A French judge has ordered the three lock-up stores in the Paris area to be cleared of jewels, art-works, leather goods and clothes believed to be worth up to Euros 12m.

Princess Maha Al-Sudairi, former wife of the late Saudi crown prince, has made headlines several times in the last four years by running up, and omitting to pay, immense hotel and shopping bills in the West. In June last year, she left the Shangri-la Hotel in Paris with 60 of her staff without paying the €6m bill for an entire floor that she had occupied for six months.

Princess Maha, believed to be in her 50s, is now being sued by six other French creditors, including a company which provided up to 30 chauffeur-driven cars a day for six months during her Paris visit last year. A judge in Nanterre west of Paris has ordered three lock-up store-rooms rented by the princess to be opened in the next few days.

Their contents will be seized and may eventually be sold to pay off the princess’ debts. Legal proceedings will be long and complex, however. The princess claims diplomatic immunity and has declined to hire a lawyer to respond to the accusations against her.

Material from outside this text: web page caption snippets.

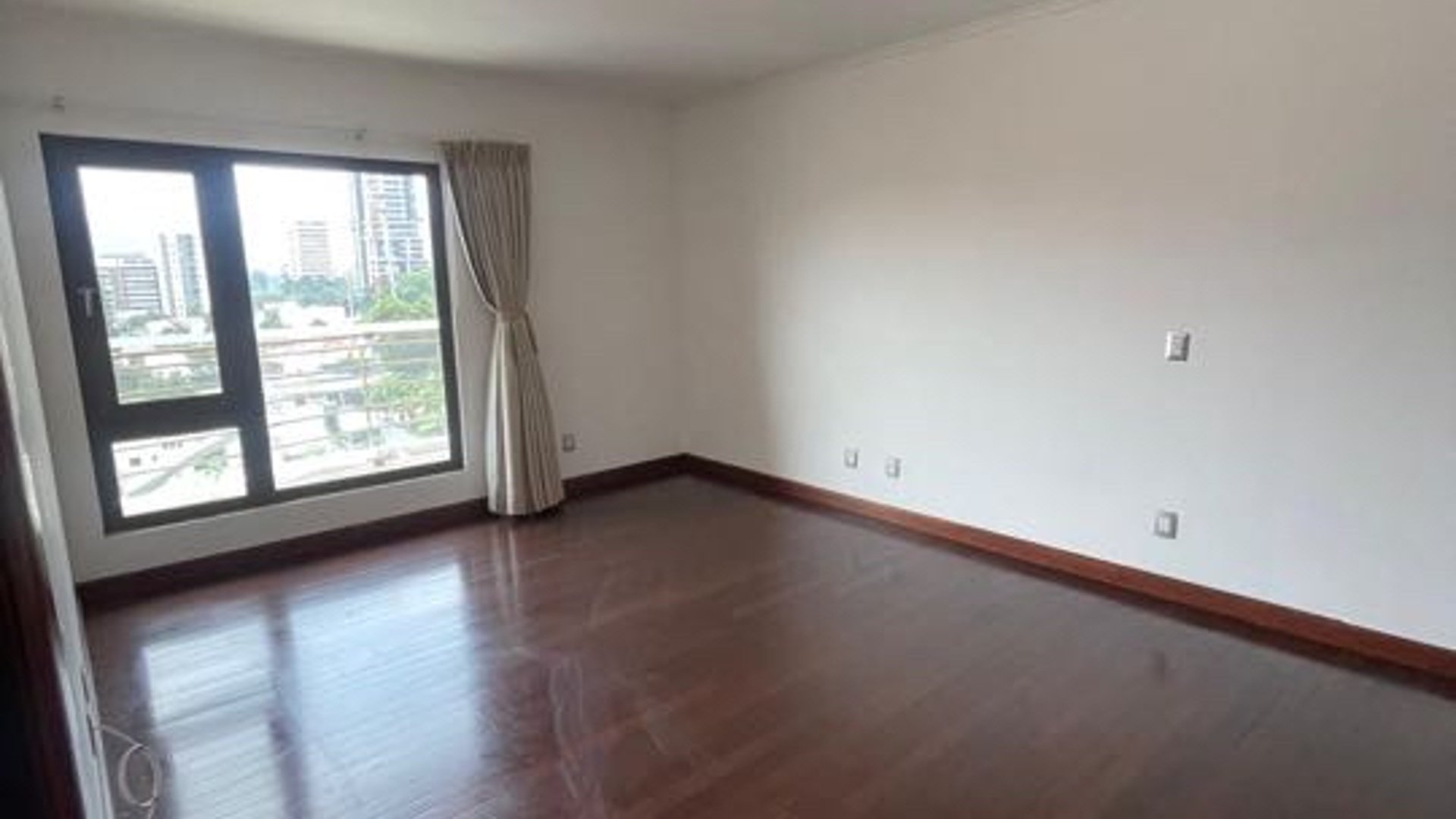 ALQUILER DE AMPLIO Y LINDO APARTAMENTO - TADEUS, ZONA 14 - Miniatura 12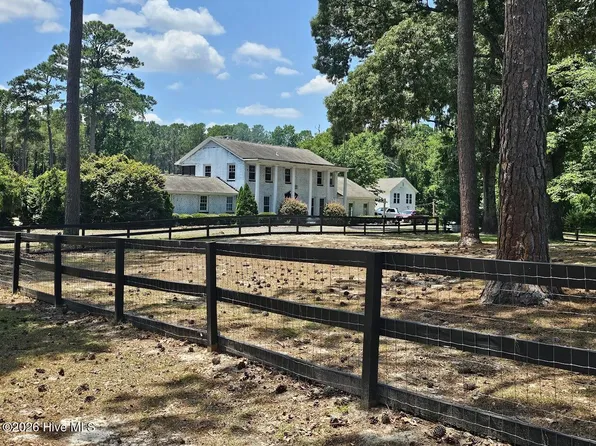 415 Whitebridge Road, Hampstead, NC 28443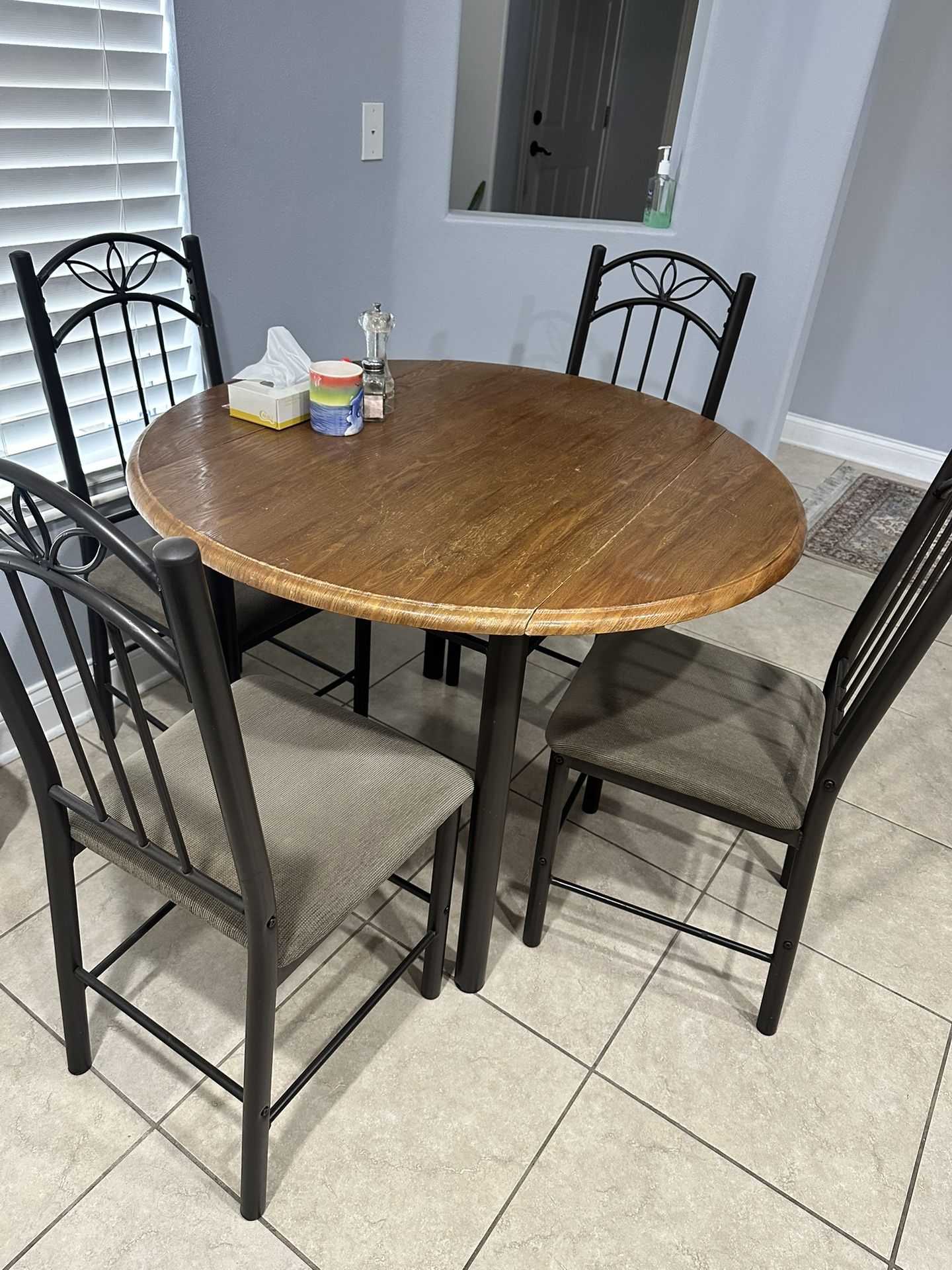 Round Dinning table and 4 chairs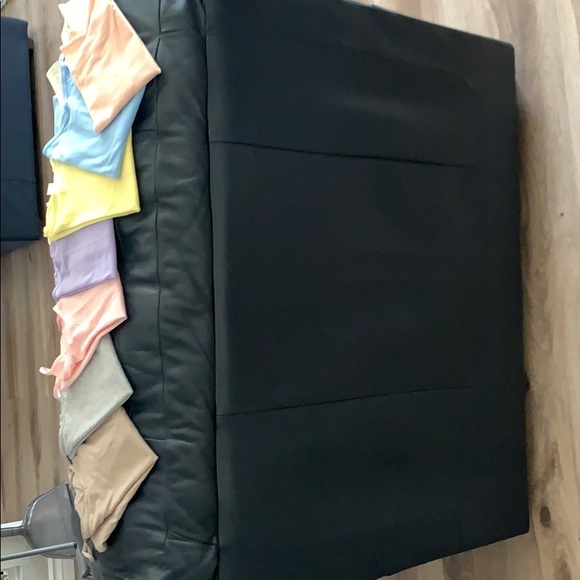 Super cute v tank tops different cute colors - Picture 1 of 3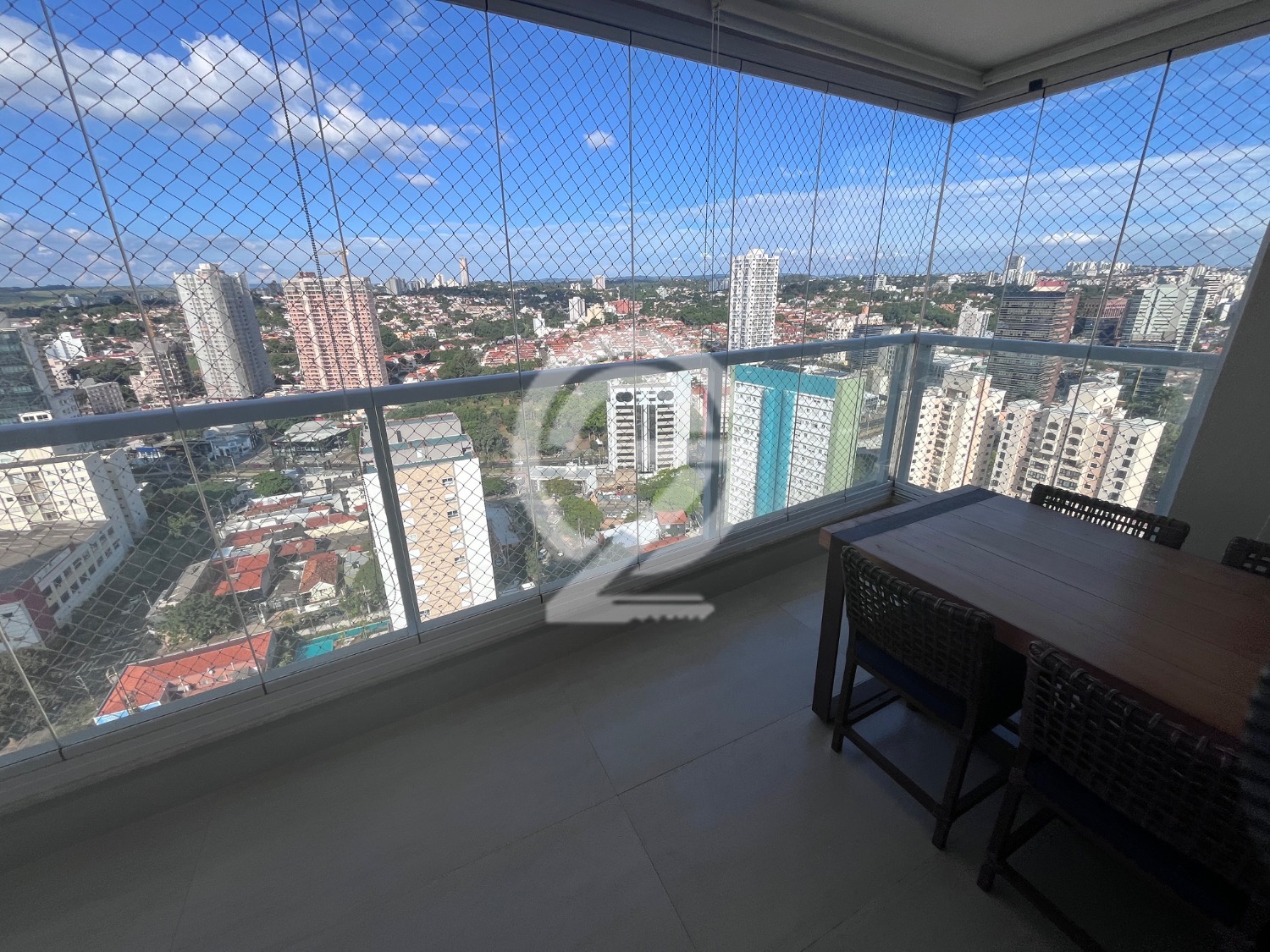 Apartamento com 3 Quartos e 4 banheiros à Venda, 213 m² por R$ 3.600.000 em , Campinas - sp | SoloBR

Maha al Sudairi is the divorced wife of the late Saudi crown prince and interior minister, Nayef bin Abdul Aziz Al Saud, who died last June a few days before she left the Shangri-la in Paris without paying her bill. She is now believed to have been ordered to remain in Saudi Arabia.

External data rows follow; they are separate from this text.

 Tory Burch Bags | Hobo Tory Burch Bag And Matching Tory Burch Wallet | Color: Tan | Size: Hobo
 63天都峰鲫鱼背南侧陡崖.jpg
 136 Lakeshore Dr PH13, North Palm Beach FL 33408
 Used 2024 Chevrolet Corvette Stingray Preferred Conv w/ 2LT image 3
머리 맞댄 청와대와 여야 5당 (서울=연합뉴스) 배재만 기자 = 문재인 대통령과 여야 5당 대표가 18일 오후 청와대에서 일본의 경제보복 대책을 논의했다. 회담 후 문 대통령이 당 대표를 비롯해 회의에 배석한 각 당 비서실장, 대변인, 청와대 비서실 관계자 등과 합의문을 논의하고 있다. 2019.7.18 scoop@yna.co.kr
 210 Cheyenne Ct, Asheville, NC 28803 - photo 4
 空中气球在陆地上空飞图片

She was confined to a royal palace in 2009 after running up unpaid bills of €15m in Paris for hotels, meals, jewels and clothes, including underwear worth €60,000.

The legal case against her has been brought by six of her French creditors, including a company called Cinquième Etoile, which provides limousines and other services to super-rich visitors to Paris.

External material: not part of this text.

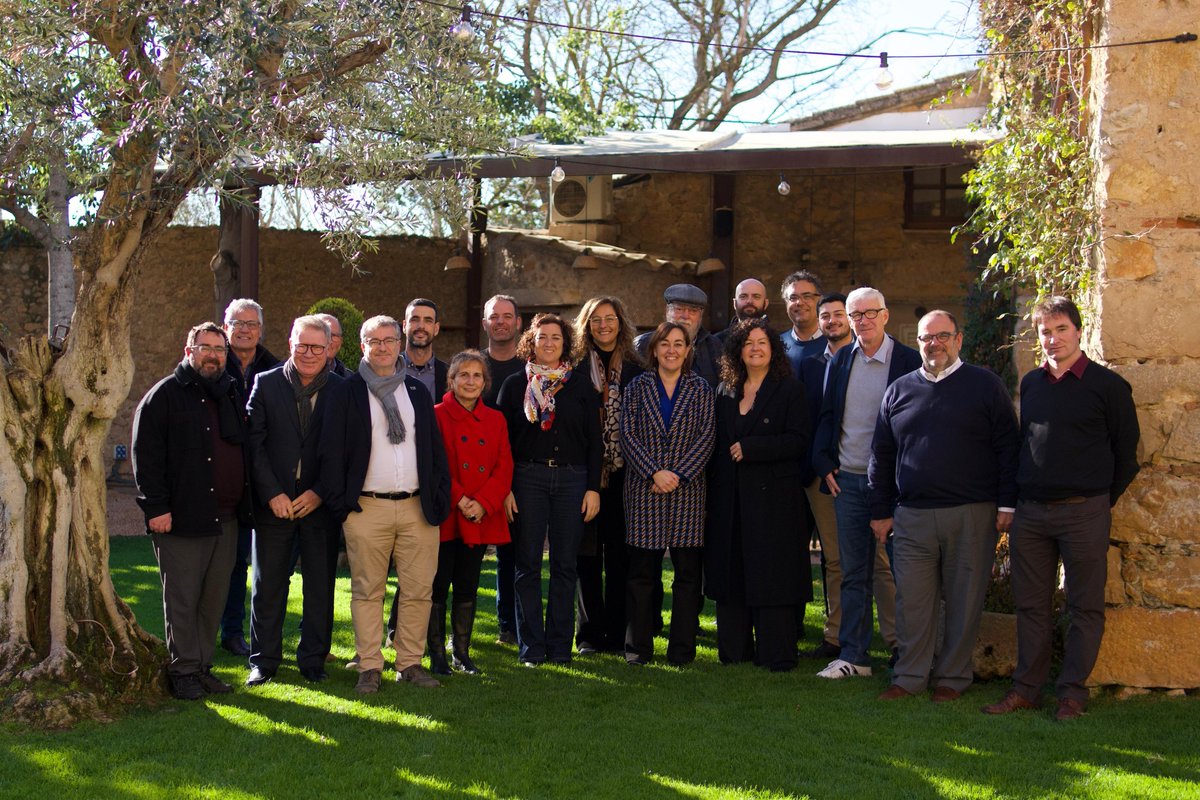 aliciarll's tweet photo. Amb la @SilviaPaneque ens hem reunit amb Alcaldes i Alcaldesses de comarques gironines per tractar problemàtiques relacionades amb els seus municipis.

Catalunya no es pot governar sense els Ajuntaments, per això cal escoltar-los i estar a prop cercant solucions conjuntament. https://t.co/QNRAVRyuuI
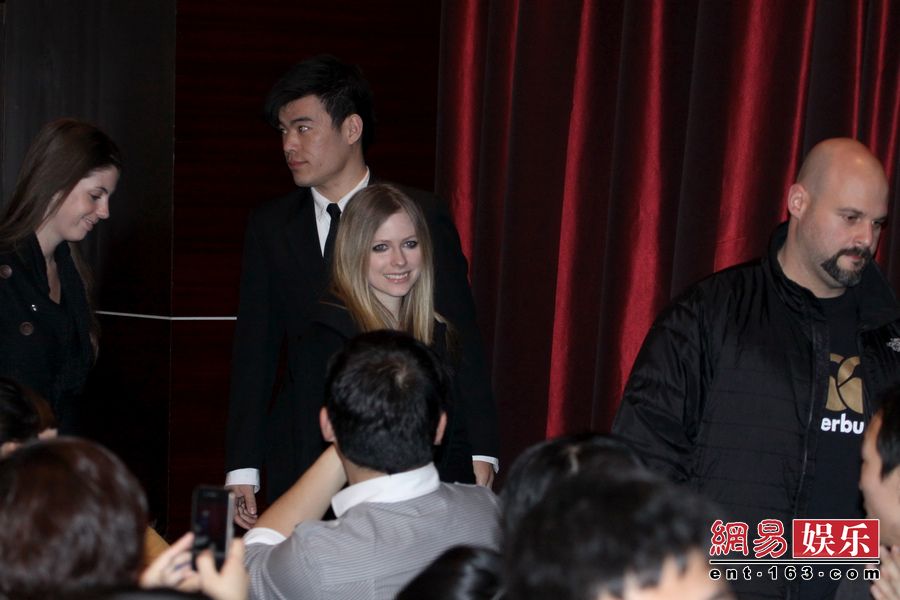 JSTV_282429.jpg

“Every day we had about 30 cars ready for her and those who accompanied her,” a spokesman for Cinquième Etoile told the newspaper, Le Parisien. “We are still awaiting payment…The people we sub-contracted to are suing us because they haven’t beeen paid either.”

The company’s bill is estimated at €1.5million and the princess’s total outstanding debts in Paris – other than the Shangri-la hotel bill – at €10million.